We kunnen hier denken aan de gelijkenis van de zaaier, waarin de verscheidenheid van het resultaat van het zaaien onder woorden (beelden) gebracht wordt.
Er is maar één Woord, maar verschil in effect.
Op hetzelfde wijzen ook de Leerregels in Hfst. 3/4, art. 9. Daar wordt b.v. onder meer gezegd dat God door het evangelie roept „en zelfs ook die Hij roept onderscheiden gaven mededeelt; maar in degenen, die geroepen worden, van dewelken sommigen zorgeloos zijnde, het woord des levens niet aannemen; anderen nemen het wel aan maar niet in het binnenste huns harten, en daarom is het, dat zij, na een kortstondige blijdschap van het tijdelijk geloof, wederom terugwijken; anderen verstikken het zaad des woords door de doornen en zorgvuldigheden en wellusten der wereld, en brengen geen vruchten voort..."
De adressering van de prediking had geen blijvende klem en invloed.
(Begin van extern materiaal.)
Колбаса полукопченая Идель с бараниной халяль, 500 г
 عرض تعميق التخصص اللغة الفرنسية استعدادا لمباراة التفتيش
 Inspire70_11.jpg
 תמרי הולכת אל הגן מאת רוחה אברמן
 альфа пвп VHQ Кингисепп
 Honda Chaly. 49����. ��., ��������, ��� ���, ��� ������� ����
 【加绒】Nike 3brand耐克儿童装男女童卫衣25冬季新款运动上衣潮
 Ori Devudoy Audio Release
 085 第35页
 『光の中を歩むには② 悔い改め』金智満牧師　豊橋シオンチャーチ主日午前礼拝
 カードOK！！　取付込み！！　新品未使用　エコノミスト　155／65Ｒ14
Het ban veel doen in het leven van een mens, dat toch geen eeuwige vrucht draagt.
De prediking krijgt daar zijn volle invloed, waar onder hetzelfde Woord Gods het hart geraakt wordt en blijvend. Hier krijgt het Woord dat het zwaard des Geestes is zijn volle kracht, maar hier begint ook het geestelijk verstaan van het Woord Gods. Het Woord heeft ten volle zijn adres bereikt. Er komt antwoord vol van de verscheidenheid waaraan het leven dat God schenkt rijk is.
Dit werkt God zelf en wij vinden er onze vreugde in.
Omdat de overmacht van de waarheid Gods, mede door de prediking, beslag legt op onze harten.

Kremer

Dit artikel werd u aangeboden door: De Wekker

Deze tekst is geautomatiseerd gemaakt en kan nog fouten bevatten. Digibron werkt voortdurend aan correctie. Klik voor het origineel door naar de pdf. Voor opmerkingen, vragen, informatie: contact.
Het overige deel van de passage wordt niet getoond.